# What is needed
Copy the records below, from the line containing "2023 Audi A3 Premium" through the last line; leave out pictures.

# Exercise inputs
=== Begin Enclosure ===
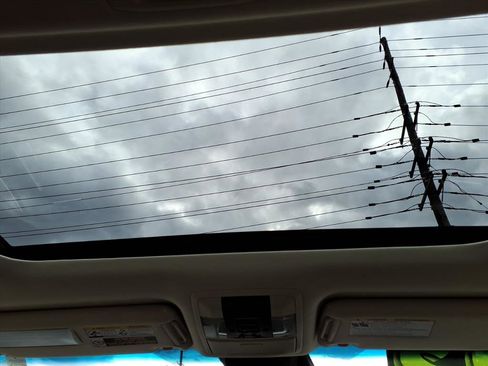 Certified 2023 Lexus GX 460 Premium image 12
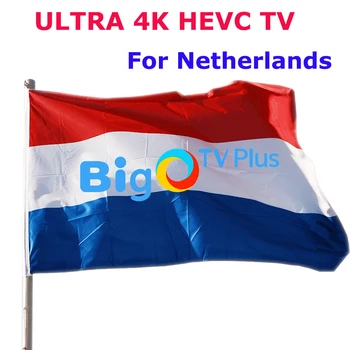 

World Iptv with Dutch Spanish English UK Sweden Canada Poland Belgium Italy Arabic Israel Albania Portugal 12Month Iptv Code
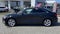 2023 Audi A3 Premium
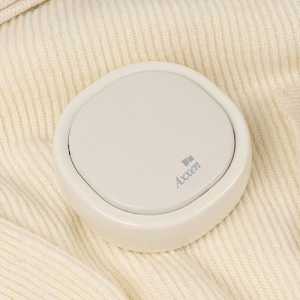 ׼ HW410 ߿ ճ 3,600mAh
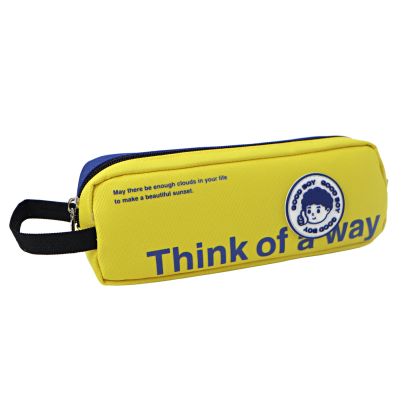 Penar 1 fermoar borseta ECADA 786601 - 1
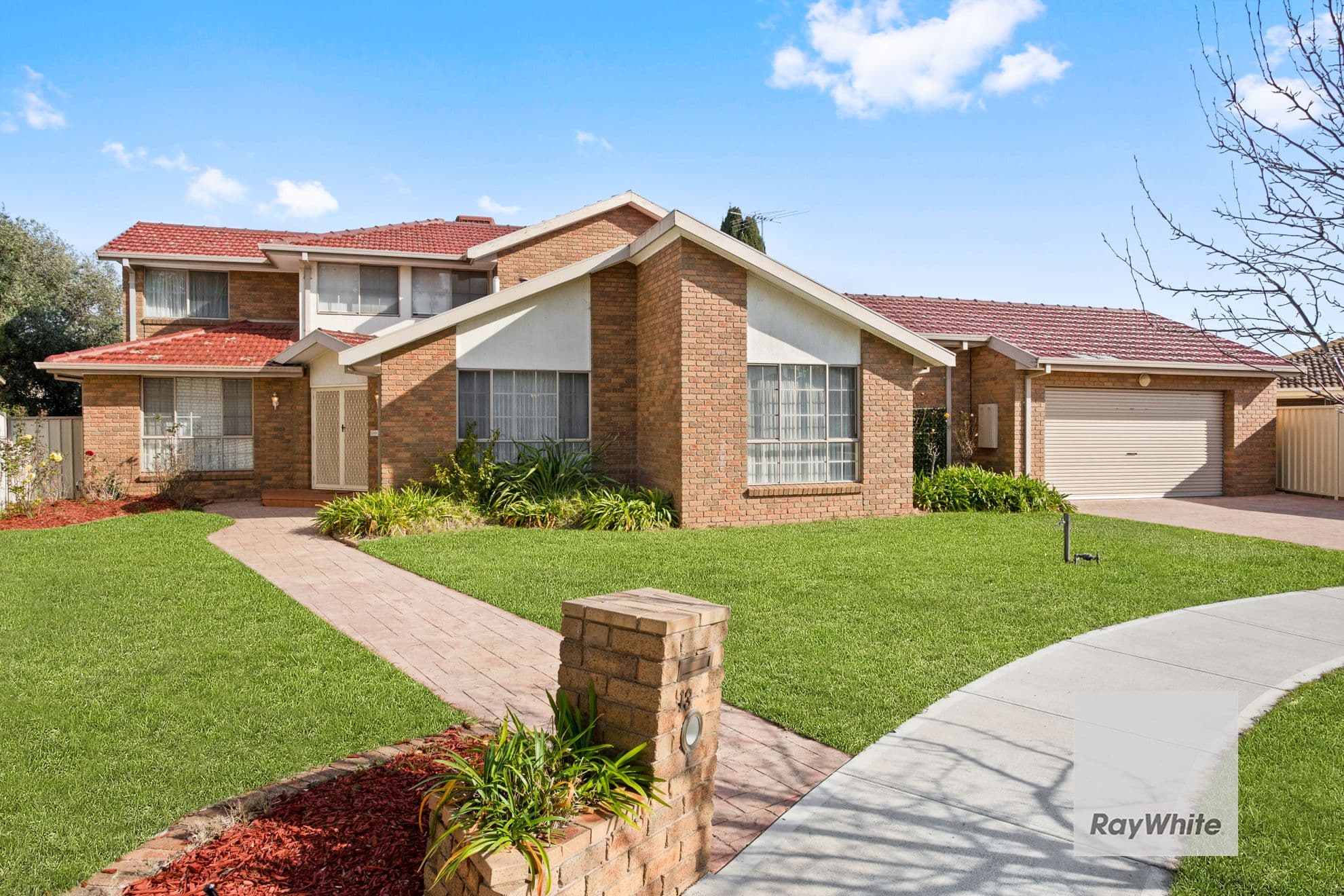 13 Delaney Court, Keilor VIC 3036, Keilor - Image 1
=== End Enclosure ===
# Answer for this exercise
 2023 Audi A3 Premium
 ׼ HW410 ߿ ճ 3,600mAh
 Penar 1 fermoar borseta ECADA 786601 - 1
 13 Delaney Court, Keilor VIC 3036, Keilor - Image 1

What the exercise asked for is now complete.